I could not understand the change. I would press my face against the ball-room window-panes and watch the merry-making inside and my little heart would almost break. One morning, while playing alone on the beach, I saw an officer lying on the sand reading, under the shelter of an umbrella. I had noticed him several times, always apart from the others, and very sad. I could imagine but one reason for his desolation and in pity for him, I crept under his umbrella to ask him if he, too, had the whooping-cough. He smiled and answered no; but as I still persisted he drew me to him, telling me that he had lost someone who was dear to him and he was very lonely.
And straightway, without so much as a by-your-leave, I promised to take the place of his dear one and to comfort him in his loss. Child as I was, I believe I lost my heart to him on the spot.

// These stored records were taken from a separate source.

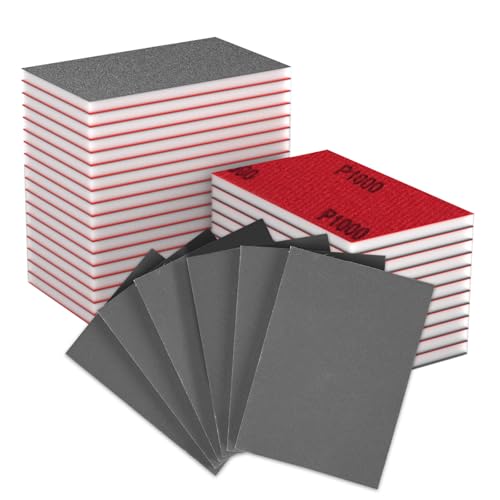 32 Piezas Esponjas de Lijado Húmeda y Seca, Almohadillas de Lija de Grano 1000 Esponja Abrasiva Manual Lavable y Reutilizable Taco Abrasivo de Lijado para Madera Metal Cocina Muebles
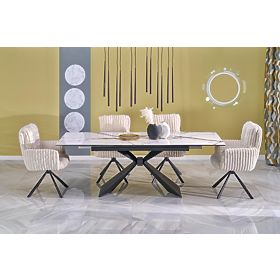 Table extensible LUCIANO, plateau : marbre blanc (2p=1ks), Halmar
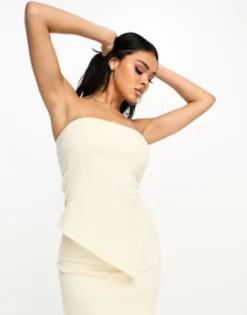 Skirts*DESIGN Asymmetric Hem Top Co-Ord In Ecru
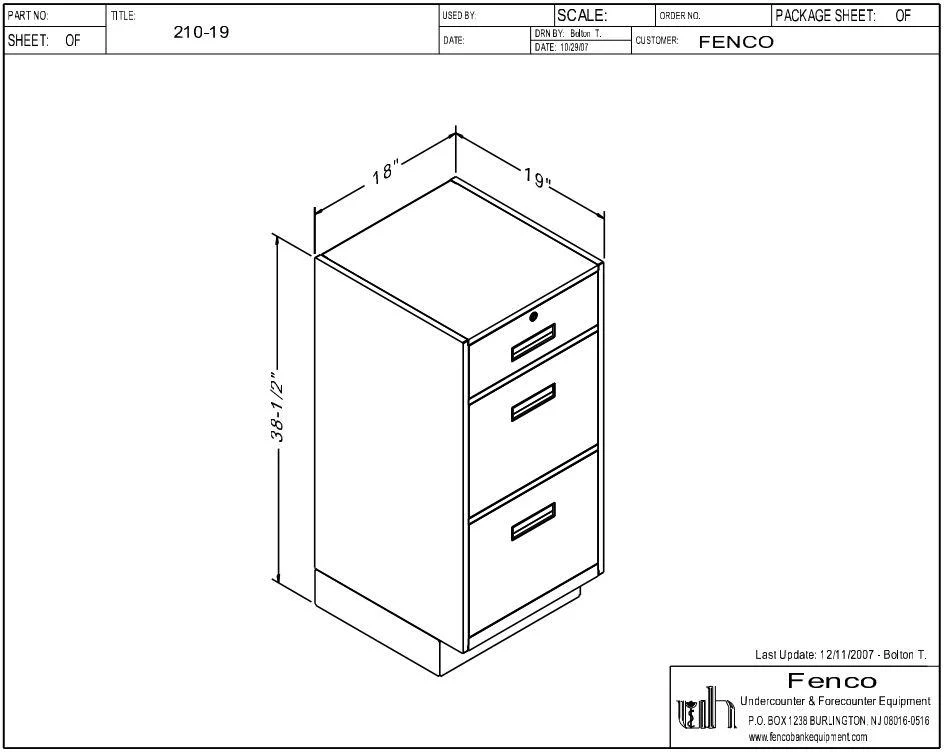 Fenco 210 Goldline Pedestal Unit with 1 Locking Box Drawer and 2 Legal Drawers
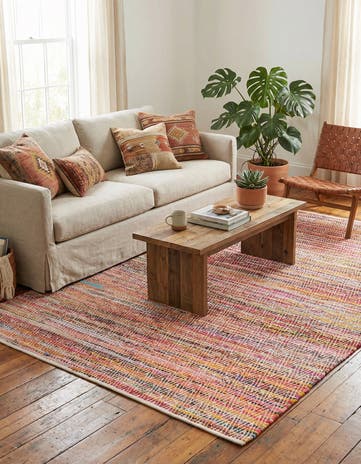 9' x 12' Hand Woven Chindi Chevron Rug
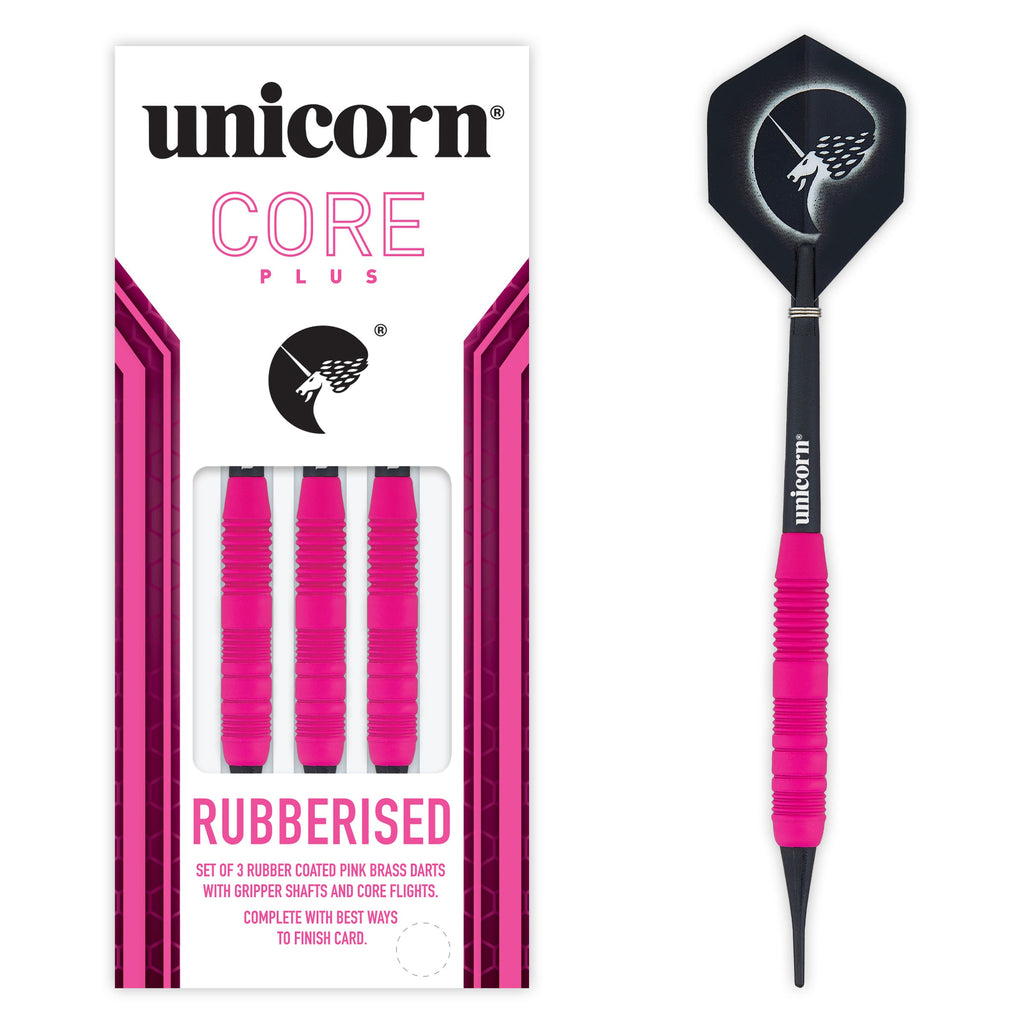 Unicorn Core Plus Rubberised Pink Brass Soft Darts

At all events, I crept from under the umbrella pledged to Lieutenant George E. Pickett, U. S. A., for life and death, and I still hold most sacred a little ring and locket that he gave me on that day.
It is small wonder that this first picture of him is among the most vivid still; the memory of him as he lay stretched in the shade of the umbrella, not tall, and rather slender, but very graceful, and perfect in manly beauty. With childish appreciation, I particularly noticed his very small hands and feet. He had beautiful gray eyes that looked at me through sunny lights—eyes that smiled with his lips. His mustache was gallantly curled. His hair was exactly the color of mine, dark brown, and long and wavy, in the fashion of the time. The neatness of his dress attracted even a child's admiration. His shirt-front of the finest white linen, was in soft puffs and ruffles, and the sleeves were edged with hem-stitched thread cambric ruffles. He would never, to the end of his life, wear the stiff linen collars and cuffs and stocks which came into fashion among men. While he was at West Point he paid heavily in demerits for obstinacy in refusing to wear the regulation stock. Only when the demerits reached the danger-point would he temporarily give up his soft necktie.
It was under that umbrella, in the days that followed, that I learned, while he guided my hand, to make my first letters and spell my first words. They were "Sally" and "Soldier." I remember, too, the songs he used to sing me in the clear, rich voice of which his soldiers were so fond, frequently accompanying himself on the guitar. He kept a diary of those days and after the war it was returned to him from San Juan by the British officer who occupied the island conjointly with him before the opening of the war. I have it now in my possession.